→ Provided material:
- - - - -

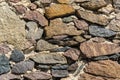 Detail of a stone wall with different size of rocks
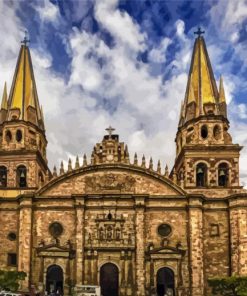 Guadalajara Cathedral paint by number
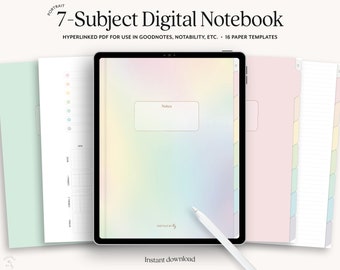 Carnet numérique 7 onglets avec liens hypertexte, journal numérique portrait, carnet Notability et Goodnotes, carnet de notes arc-en-ciel pour iPad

- - - - -

Skipping the images, write out the whole listing exactly.

 Detail of a stone wall with different size of rocks
 Guadalajara Cathedral paint by number
 Carnet numérique 7 onglets avec liens hypertexte, journal numérique portrait, carnet Notability et Goodnotes, carnet de notes arc-en-ciel pour iPad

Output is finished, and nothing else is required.